Will our present sh---ges (don't say that word!) mean, shortly, that fewer New Yorkers will be listening to the least, in mono? I doubt it. I think that we may even be able to enjoy Total Everything, if we are really careful.

All day, too. But it's going to take every bit of our traditional ingenuity, swung over to a new viewpoint, a new game plan. I expect, then, that I will be into a lot of the facets of our own audio area these next months, as seen along such stimulating and challenging new lines. I'm not bearish. I just believe in keeping the eyes open, the better to see ahead. The power of positive thinking, yes?

2. Noise

Look briefly at audio noise. It's a big thing, these days. It'll get to be an even bigger thing, I suspect, as those sh---ages (don't mention them!) ease their way into our taken-for-granted quality standards. Noise in sound reproduction is maybe the first thing to be affected by our, er, changed circumstances. It isn't yet. I'm just looking confidently ahead.

Confidently, because of the wealth of superb thinking and engineering that has gone into noise reduction in these last few years. There's Dolby, and JVC, and in another general category, DBX and Burwen, and the Editor can probably add a dozen more right here. Whatever the brand, the fact is that most of these systems have been primarily occupied with the fruitful area of tape. The tape makers, too, hand in hand with noise reduction electronics. Lovely cooperation, from two vantage points, the tape itself and the selective suppression of unwanted residual noise. But noise reduction must go where the noise is. Noise is where there exists an imperfect medium-tape, for instance. But noise, too--do not forget--is when deterioration sets in. And where will that be but on disc. That is where my mind is roaming right now.

In WW II, you may remember, our supply of shellac for discs was inconveniently cut off by the Enemy, who took over and wouldn't send us any. Plastics? They went to war, but weren't advanced to the point of usefulness in 78s. So what did ingenuity do? For lack of any other solution, we suddenly found ourselves turning in an old shellac record for every new one we bought. Round and round! Reprocessing. (Where have I heard that term before?) This Spartan approach kept the record biz more or less alive for a number of crucial years. I wouldn't say it thrived. It existed. We had new records. Of course the quality, never any too good in terms of noise, went from awful to subliminal and horrendous.. Better horrendous noise, we thought, noise and music 50/50, than no music at all. So we bought records, and we played records, on the recirculating basis.
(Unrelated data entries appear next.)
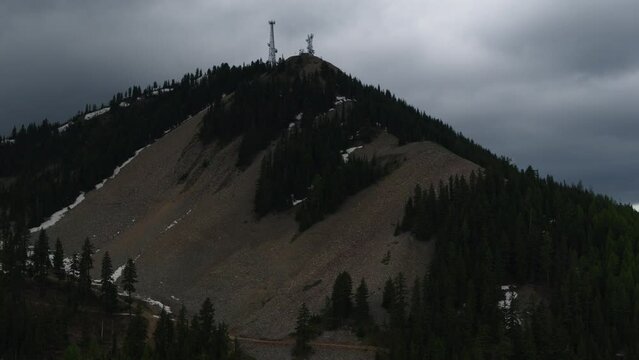 High aerial of northern idaho ski resort and mountain summit covered in talus rocks with stormy dramatic skies in background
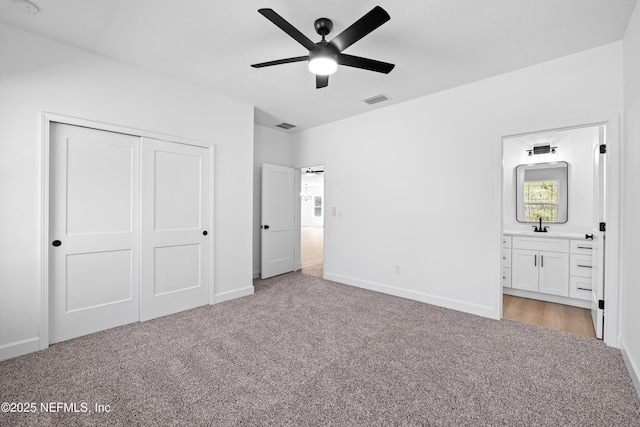 unfurnished bedroom with ceiling fan, sink, ensuite bathroom, light colored carpet, and a closet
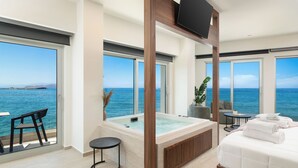 A modern room with a large bathtub, a bed, a TV, and a view of the sea. - Elia Sea Suites (Chania)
We could do a lot better now. It might come to pass, I'd say, that one of these days we will start recirculating our present wad of vinyl. It would save untold tons of petroleum. That's enough to make us think twice, and stay one step ahead of the allocations. If this were to happen, the first big challenge would land on the reprocessors, to make old vinyl sound like new. We are good at things like that. But we start off, in this case, with near-total silence on our present discs, whereas shellac's loud old hiss covered a multitude of sins. With our best efforts, recycled vinyl noise levels would creep up only slowly, quite slowly. Heroic efforts to minimize the effect.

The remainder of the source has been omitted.